There's an AP report out today (via Google's recommend frame) that says, among other things, that terror attacks were up sixteen percent in Afghanistan in 2007. I'm seeing a lot of commentary, especially on TV, about how this means that the war in Afghanistan, and by extension the war on terror, is not working.
Now, I hate to spend time throwing cold water on a report like this, since it appears to lend support to a position - that the war in Afghanistan is neither as successful nor as obviously correct as is generally believed - that I subscribe to.
But this is a pretty stupid way to measure success in a war.
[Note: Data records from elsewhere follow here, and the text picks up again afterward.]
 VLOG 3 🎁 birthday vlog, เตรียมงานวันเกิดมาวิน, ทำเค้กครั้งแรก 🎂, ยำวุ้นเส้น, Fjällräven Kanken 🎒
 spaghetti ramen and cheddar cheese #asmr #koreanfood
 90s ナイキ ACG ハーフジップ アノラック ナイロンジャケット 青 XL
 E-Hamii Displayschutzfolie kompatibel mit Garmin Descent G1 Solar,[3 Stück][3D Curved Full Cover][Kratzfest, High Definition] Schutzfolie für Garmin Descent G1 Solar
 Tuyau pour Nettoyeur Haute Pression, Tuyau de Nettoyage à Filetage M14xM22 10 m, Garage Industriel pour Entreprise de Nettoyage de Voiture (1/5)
Indeed, latching on to one statistic or even a set of statistics and trumpeting movement one way or the other as evidence of a strategy's success or failure is almost never useful in any context, and least of all perhaps in the context of a counterinsurgency campaign, whose aims are primarily political and thus difficult to measure.
A version of this idea (as it pertains to big-city police work) was explored with some grace and eloquence by the television show The Wire, particularly in the fourth and (from what I'm told - I am still waiting for the DVD) fifth seasons.
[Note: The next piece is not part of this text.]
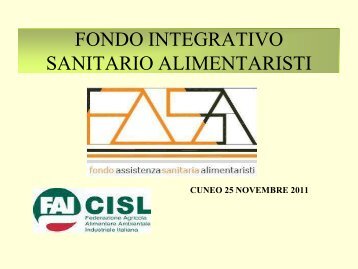 presentazione FASA.pdf - FAI CISL Piemonte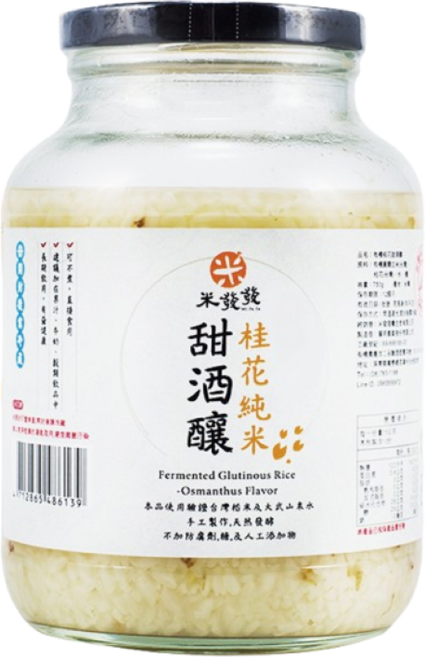 米發發 甜酒釀 桂花純米, 1個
The dilemma for the press, in a nutshell, is that it's very difficult to do hard reporting on complex topics without resorting to just writing up rundowns of various statistics. So even a well-meaning, professional press is going to fall back on this kind of thing some of the time.
Unfortunately, public institutions are necessarily run by people whose livelihoods depend on favorable depictions in the press, which leads those people (and by extension, the institutions) to focus on the short-term improvement of various benchmarks at the expense of serious long-term strategic thinking about how to actually fix systemic problems.
As failed counterinsurgency wars rage on and on, this sort of perverse incentive structure gets expanded to the point of absurdity. In the beginning of 2008, for example, Iraq war supporters were trumpeting statistics showing a decline in violence lasting several months as evidence that "The Surge Is Working!"
Looking only at the six-month trend in question, one could be forgiven for ascribing some credibility to this interpretation, but looking at it in a wider context the whole thing can be seen to be rather silly. The idea, apparently, is that by inserting more soldiers into Iraq, the US will be able to reduce violence to the point that it can start... reducing the number of soldiers in Iraq.
The Afghanistan narrative we see here is the other side of that coin. In Afghanistan, a fairly small detachment of US forces (around 25,000) is working to protect government officials while also patrolling the country engaging various terror groups. Although an uptick in terrorist violence certainly isn't a sign that this strategy is working, it would hardly be cause for celebration if such patrols result in a reduction in terrorist violence in 2008.
After all, in both Afghanistan and Iraq the ostensible goal of the US mission is to eventually be able to leave. To do that without just admitting defeat, the systemic problems preventing political unity and pluralism in those countries must be fixed.
But since no one has any idea how, when, or why that would ever happen, we just watch the numbers, shake our heads, and continue the slaughter.